Without any images, output the records below verbatim.

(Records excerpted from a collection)
▽

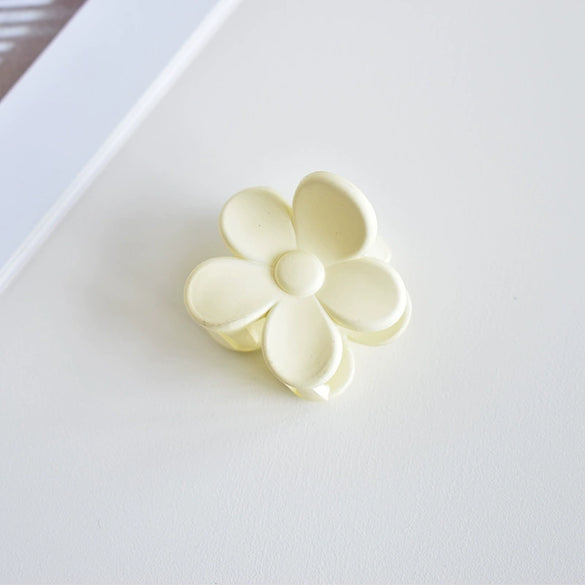Women's Plastic And Resin Handmade Floral Hair Accessories Flower Grab Clip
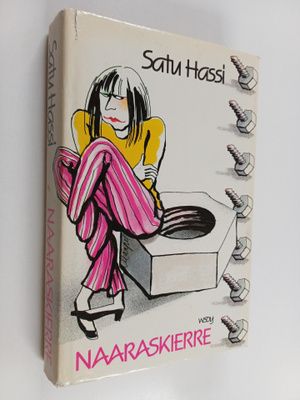 Satu Hassi : Naaraskierre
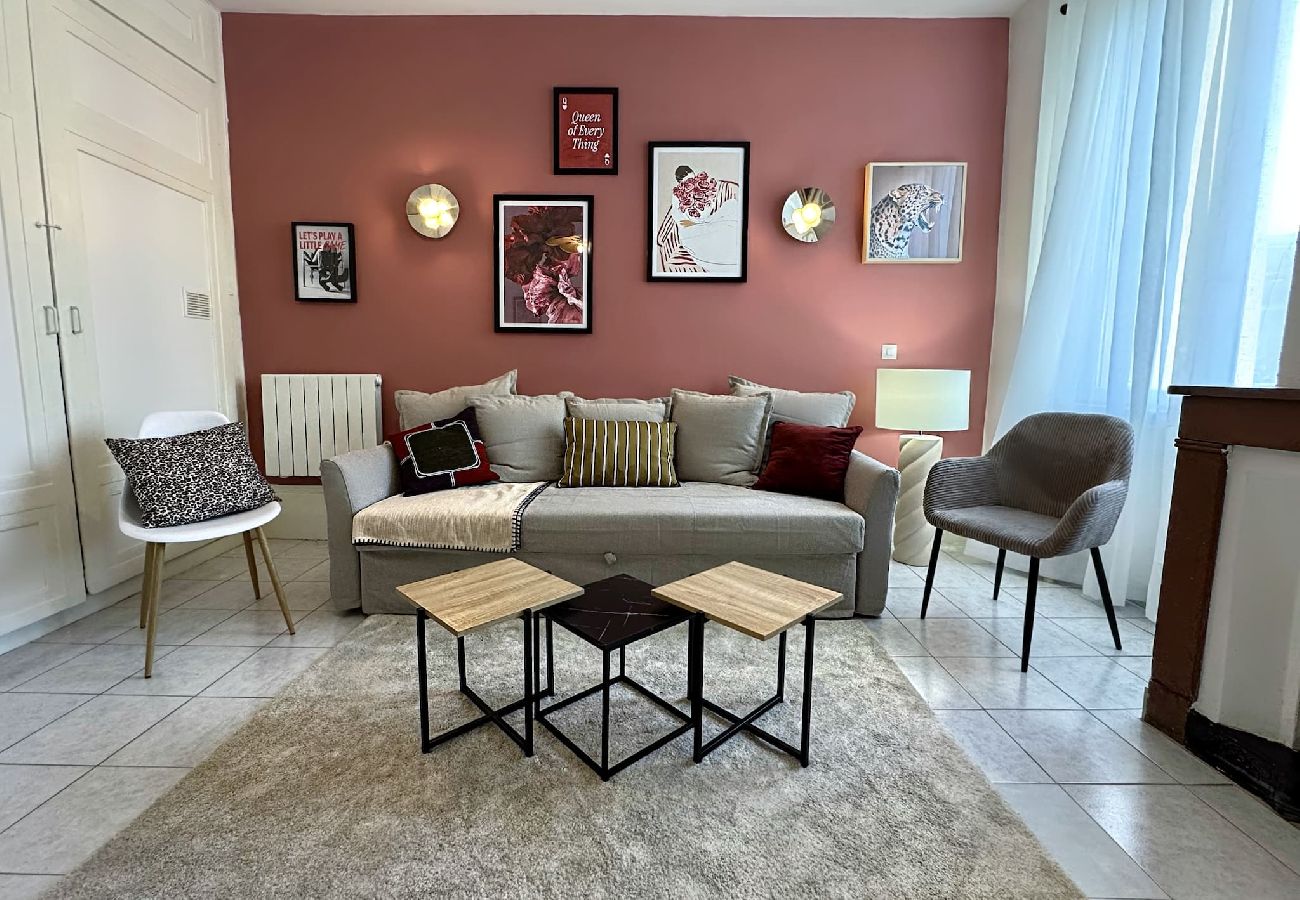 Appartement à Lyon - Z5 🟥 WUTAI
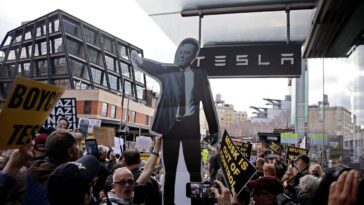 Elon Musk ne peut pas arrêter les saignements de Tesla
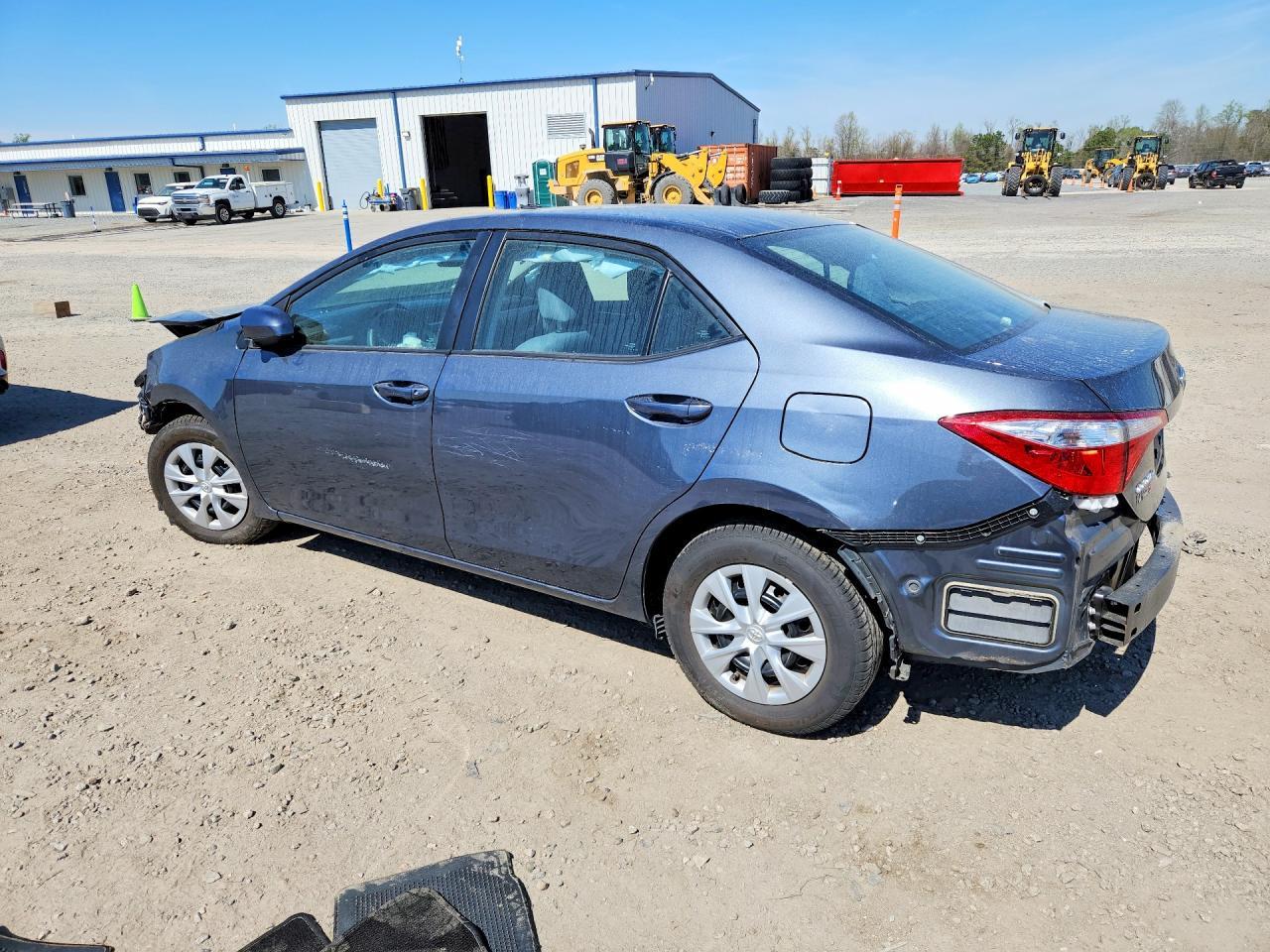 2014 Toyota Corolla L - Фото 2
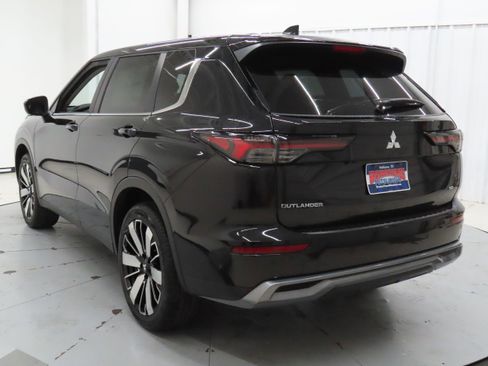 New 2026 Mitsubishi Outlander SE image 5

△

● RESULT FOR THIS EXERCISE:
Women's Plastic And Resin Handmade Floral Hair Accessories Flower Grab Clip
 Satu Hassi : Naaraskierre
 Appartement à Lyon - Z5 🟥 WUTAI
 Elon Musk ne peut pas arrêter les saignements de Tesla
 2014 Toyota Corolla L - Фото 2
 New 2026 Mitsubishi Outlander SE image 5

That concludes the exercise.